■ **Task description**: From the records that follow, return exactly the lines beginning at the one that contains "منظور از شخص ثالث در بیمه شخص ثالث چیست" and ending at the one that contains "2日に東北大会抽選会！強豪揃", pictures left out.

■ **Entries supplied**:

⁂

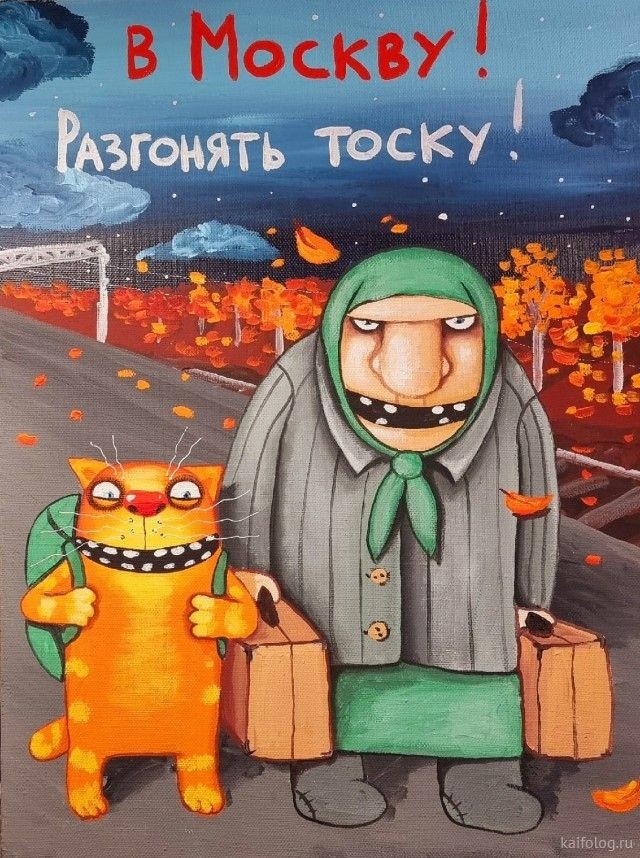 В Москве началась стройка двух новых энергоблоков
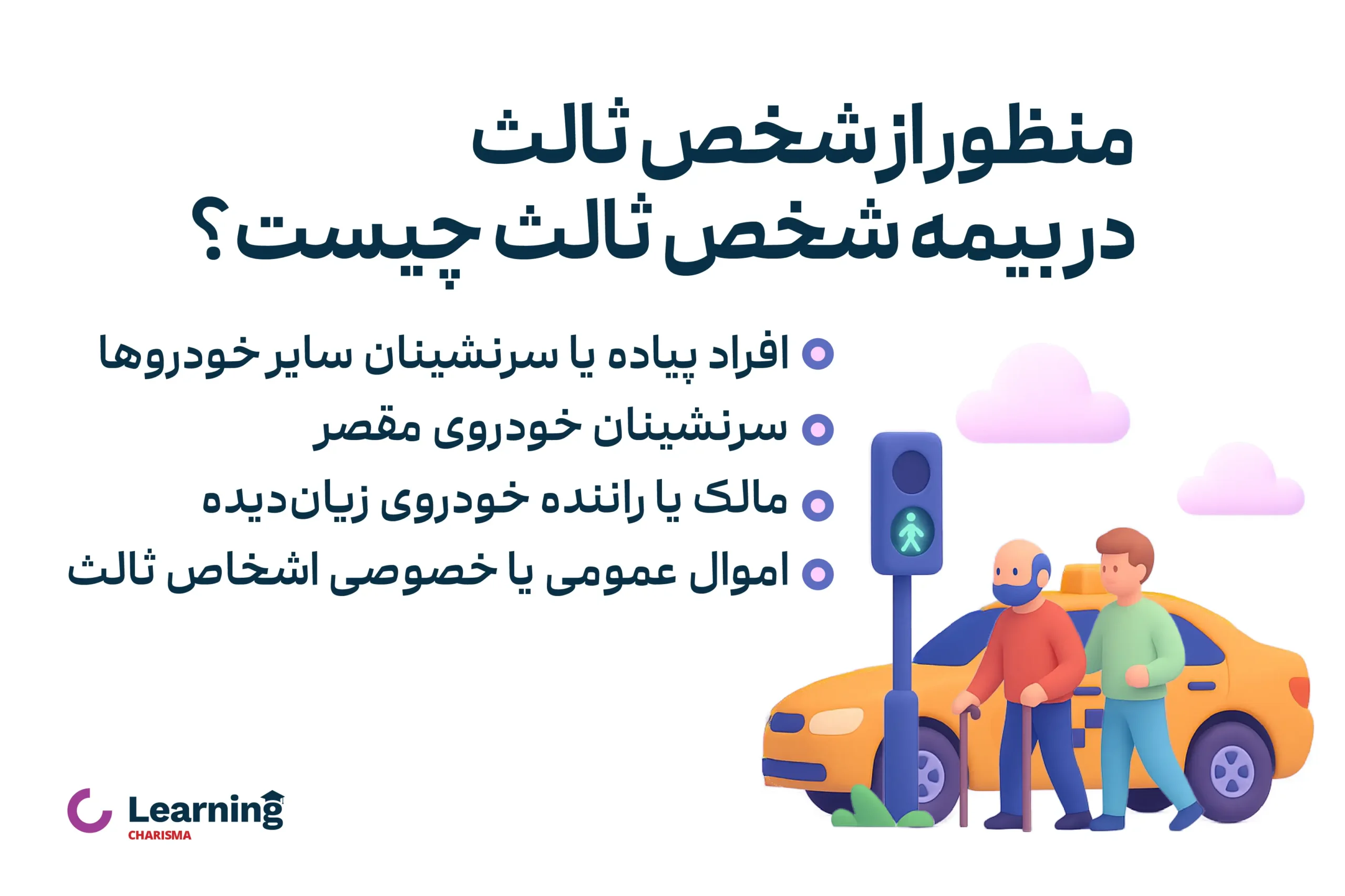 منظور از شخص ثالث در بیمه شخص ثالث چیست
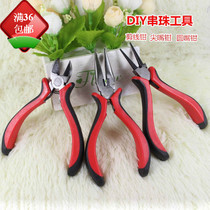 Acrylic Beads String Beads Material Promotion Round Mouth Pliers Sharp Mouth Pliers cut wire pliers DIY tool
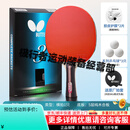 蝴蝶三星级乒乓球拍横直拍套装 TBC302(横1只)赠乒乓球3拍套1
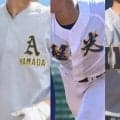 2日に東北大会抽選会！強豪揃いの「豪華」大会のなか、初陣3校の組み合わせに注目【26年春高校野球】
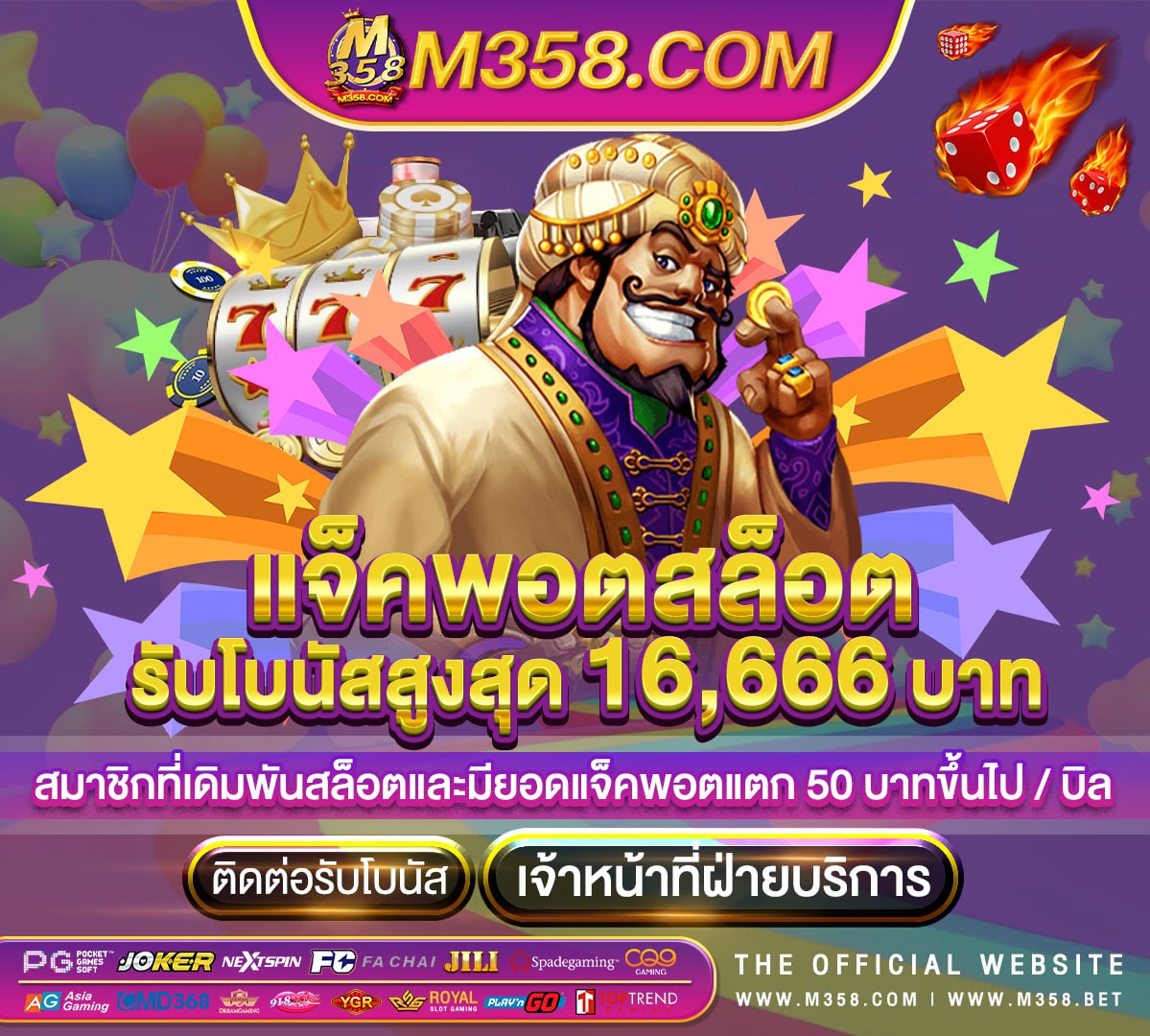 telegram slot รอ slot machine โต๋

⁂

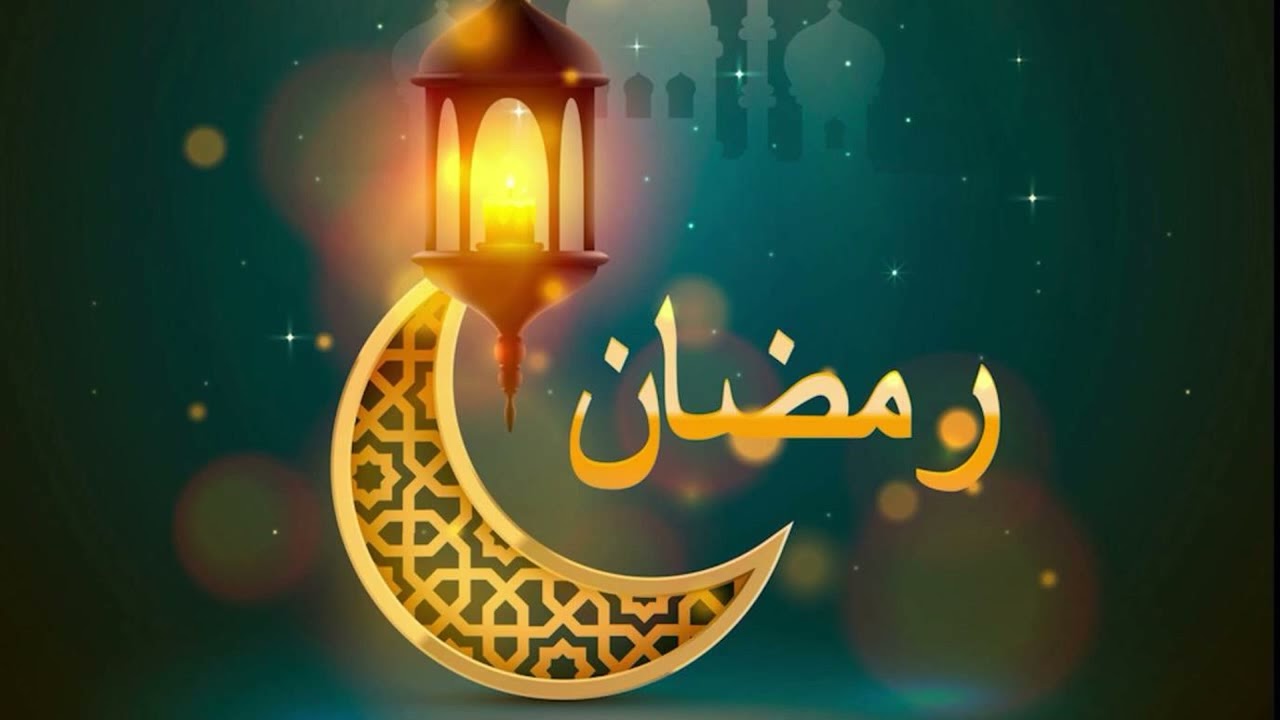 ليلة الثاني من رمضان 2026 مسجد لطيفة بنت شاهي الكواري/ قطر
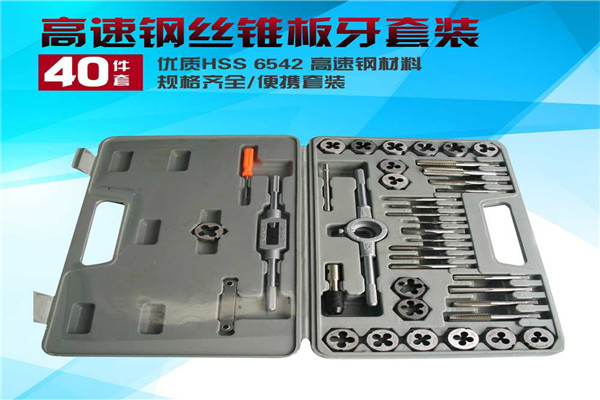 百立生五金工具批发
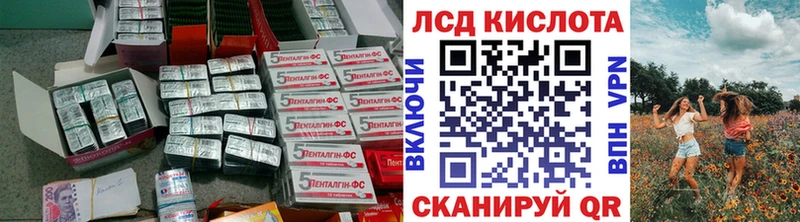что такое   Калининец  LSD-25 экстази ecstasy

⁂

■ **Result below**:
 منظور از شخص ثالث در بیمه شخص ثالث چیست
 Acrylic Beads String Beads Material Promotion Round Mouth Pliers Sharp Mouth Pliers cut wire pliers DIY tool
 蝴蝶三星级乒乓球拍横直拍套装 TBC302(横1只)赠乒乓球3拍套1
 2日に東北大会抽選会！強豪揃いの「豪華」大会のなか、初陣3校の組み合わせに注目【26年春高校野球】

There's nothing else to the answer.